Saying that $a_n^2\to 0$ means that, given any $\epsilon> 0$ there exist N such that if n> N, $|a_n^2- 0|= |a_n^2|< \epsilon$.

If you know that $a_n\to 0$ then, given any $\epsilon> 0$ there exist N such that if n> N, $|a_n|< \sqrt{\epsilon}$. From that it follows that, for n> N, $|a_n^2|< \epsilon$.

Conversely, if you know that [itxex]a_n^2\to 0[/itex] then, given any $\epsilon> 0$, there exist N such that if n> N, $|a_n^2|< \epsilon^2$. From that it follows that, for n> N, $|a_n|< \epsilon$.

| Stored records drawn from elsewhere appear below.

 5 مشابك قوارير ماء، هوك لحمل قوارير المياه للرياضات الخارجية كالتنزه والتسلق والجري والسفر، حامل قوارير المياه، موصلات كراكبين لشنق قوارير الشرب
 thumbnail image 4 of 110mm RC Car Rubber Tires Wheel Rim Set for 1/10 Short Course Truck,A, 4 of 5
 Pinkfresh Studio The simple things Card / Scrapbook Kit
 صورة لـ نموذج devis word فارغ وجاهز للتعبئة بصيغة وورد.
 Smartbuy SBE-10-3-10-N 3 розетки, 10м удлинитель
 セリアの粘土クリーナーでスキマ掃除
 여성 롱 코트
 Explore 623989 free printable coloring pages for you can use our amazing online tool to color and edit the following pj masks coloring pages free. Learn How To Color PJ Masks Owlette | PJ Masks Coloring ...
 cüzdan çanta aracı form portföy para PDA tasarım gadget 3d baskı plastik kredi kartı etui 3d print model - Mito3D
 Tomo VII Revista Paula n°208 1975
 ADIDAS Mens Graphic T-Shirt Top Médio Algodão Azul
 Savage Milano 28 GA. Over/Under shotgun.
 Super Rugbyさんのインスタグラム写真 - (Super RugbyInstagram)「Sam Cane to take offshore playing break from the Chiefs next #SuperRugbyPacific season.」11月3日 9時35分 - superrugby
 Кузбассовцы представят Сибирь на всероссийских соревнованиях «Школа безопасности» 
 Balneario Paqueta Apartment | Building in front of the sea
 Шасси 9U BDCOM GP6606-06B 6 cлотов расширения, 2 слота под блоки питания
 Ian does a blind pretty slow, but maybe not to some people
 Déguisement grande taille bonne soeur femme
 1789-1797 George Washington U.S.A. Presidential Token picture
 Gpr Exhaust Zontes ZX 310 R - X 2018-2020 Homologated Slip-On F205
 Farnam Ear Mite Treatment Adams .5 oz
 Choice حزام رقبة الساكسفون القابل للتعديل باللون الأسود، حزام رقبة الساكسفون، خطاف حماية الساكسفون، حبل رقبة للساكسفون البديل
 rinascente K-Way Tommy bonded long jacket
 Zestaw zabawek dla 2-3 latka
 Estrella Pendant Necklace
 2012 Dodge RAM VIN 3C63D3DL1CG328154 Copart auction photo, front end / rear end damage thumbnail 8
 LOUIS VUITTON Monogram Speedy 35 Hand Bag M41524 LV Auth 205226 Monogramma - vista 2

More generally, if $a_n\to a$ and f(x) is continuous in some neighborhood of a, then $f(a_n)\to f(a)$.

 

[kingwinner]

More generally, if $a_n\to a$ and f(x) is continuous in some neighborhood of a, then $f(a_n)\to f(a)$.

Thanks! But I have a question, then.
a_n² ->0 as n->∞
=> a_n ->0 as n->∞

But the square root function is NOT continuous at 0, and it's definitely NOT continuous in a neighbourhood of 0, so the theorem does not apply??
It's weird...

 

[Dick]

Halls said 'more generally'. sqrt is one-sided continuous at 0, from the positive side. If you don't have special theorems about one sided continuity, then just pay attention to his suggestions about an epsilon delta proof. Isn't that what you meant about "SEEM to be true"?

 

[kingwinner]

I have a question about the proof.

Saying that $a_n\to 0$ means that, given ANY $\epsilon> 0$ there exist N such that if n> N, $|a_n- 0|= |a_n|< \epsilon$.

Because of the word "ANY", we can take epsilon here to be $\sqrt{\epsilon}$, and there would still exist some N, right?

 

[Dick]

You can if you know as epsilon approaches zero, sqrt(epsilon) approaches zero. If you are ok with that, go for it.